Every trades has a bad day from time to time – there is no way around it. The general rule of thumb is to not let a bad day dwindle you’re the profits you would make on a normal day. For example, if your average winning day ends with a $700 net profit, do not waste $800 trying to get out of the bad trade – the better approach is to focus solely on damage control.
Admittedly, a big loss can cause a storm of inner emotions, from anger, confusion, frustration, fear and self-hate – this is totally natural and no trader with experience will blame yours for it. But your focus should be getting past these feelings as soon as possible and start the next trade with a clear head, with no leftover negative feelings. In this way, your next trades will surely be more profitable.
Understand the Nature of Your Loss
Now that you have (hopefully) prevented any further damages, it is time to figure out the nature of your loss (or losses) in the market. There are two main types of losses:
- Emotional losses. The name is pretty suggestive – these are losses triggered by being overly-emotional, and it includes losses caused by over-trading (spreading your finances too thin in the hopes of hitting too many birds with one stone) or over-confidence in your skills.
- A normal loss. This is caused mainly by statistical issues related to your trading strategy. More specifically, it is caused by a methodological or strategical failure. There is also the fact even if you are trading responsibly and consistently, a certain percentage of your trades will end up in failure. No strategy is 100 % guaranteed to work, so you should not stress on this too much.
Once the dust has settled and you know the damage, it is time to take a step back and asses the situation. Regardless if the loss was small or big, isolated or part of a long stretch of failures, this process is important to go through if you want to learn from your mistakes.
If the situation is the worst possible – outright financial ruin – there is nothing much you can do other than taking a break from trading and returning once your finances are ensured. Do not dip into your savings or take debt to restart your forex career, as this will create enormous pressure that will certainly lead to you making worse and worse decision, creating a vicious circle that is very hard to escape.
Once you have done that, it is time to advance to the next step, more specifically, accepting responsibility. While the temptation to blame the loss on nefarious market schemes and fluctuations may be too hard to resist even for the most seasoned forex veterans, on the long-term, it will cause only bitterness and even lead to overconfidence.
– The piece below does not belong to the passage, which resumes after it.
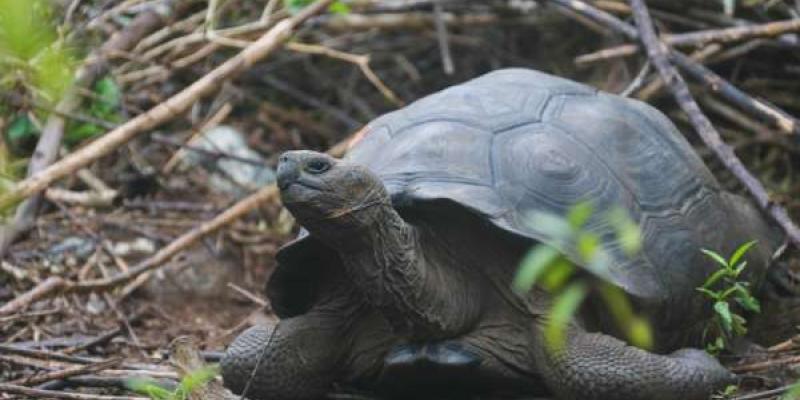 Imagen de la tortuga Chonkosaurus/El Telégrafo Nueva especie de Tortuga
So, accept responsibility and try to figure out what went wrong and what you could have done differently. This will not only reduce the chances of this scenario occurring again, but it is also a healthier process than sucking up the loss and bottling up negative emotions directed at the market and other traders.
Go Back to the Demo
Before cringing at this suggestion, hear us out first – going back to a demo account might not be the biggest of ego boosters, but there is no shame in going back to square one and practicing until you get back into your rhythm. Nobody is saying that you should act like you have no prior experience – because you have tons of it, but it has not worked out for one reason or another. So, the best approach is to go back to a demo account with professional trading terms and good services.
The one thing you have to remember is that the market will always give you the occasional kick in the head, no matter how experienced you are. Even the pros are not protected from this happening. However, the difference between a pro and a rookie that goes through a streak of losses is that the veteran knows that they have to build back their confidence and hone their skills before making a full return to the market.
Focus on What Made you Successful in the First Place
If you have been trading in the forex market for long enough, you have certainly had your fair share of wins. The course of your typical forex trader is almost an archetype – when you started out, you were likely cocky, but as the market realities unraveled themselves, you have learned how to build healthy confidence and honed your strategies accordingly.
This feeling of healthy confidence is obtained by taking on difficult tasks with no absurd expectations, and getting better at doing those tasks, not necessarily accomplishing them. Confidence comes as the positive results of our hard-work start showing.
So, after a big loss, you should take a step back on focus on your trading plan, and figure out what made it successful, and what elements caused it to fail this time around. Plus, try to see the full side of the glass – a string of wins can make us feel lazy. A big loss can be a serious wake-up call, and more often than not the only thing that incentivizes traders to get better.
Experiencing your first big forex loss or a string of failures can be tough, but anybody can bounce back with a little dedication as self-restraint. If you find yourself in this situation, try to focus less on blaming the market or other people and more on retracing your steps, making adjustments to your strategy and keeping your emotions in check. Do this, and you will build back your confidence and finances sooner rather than later.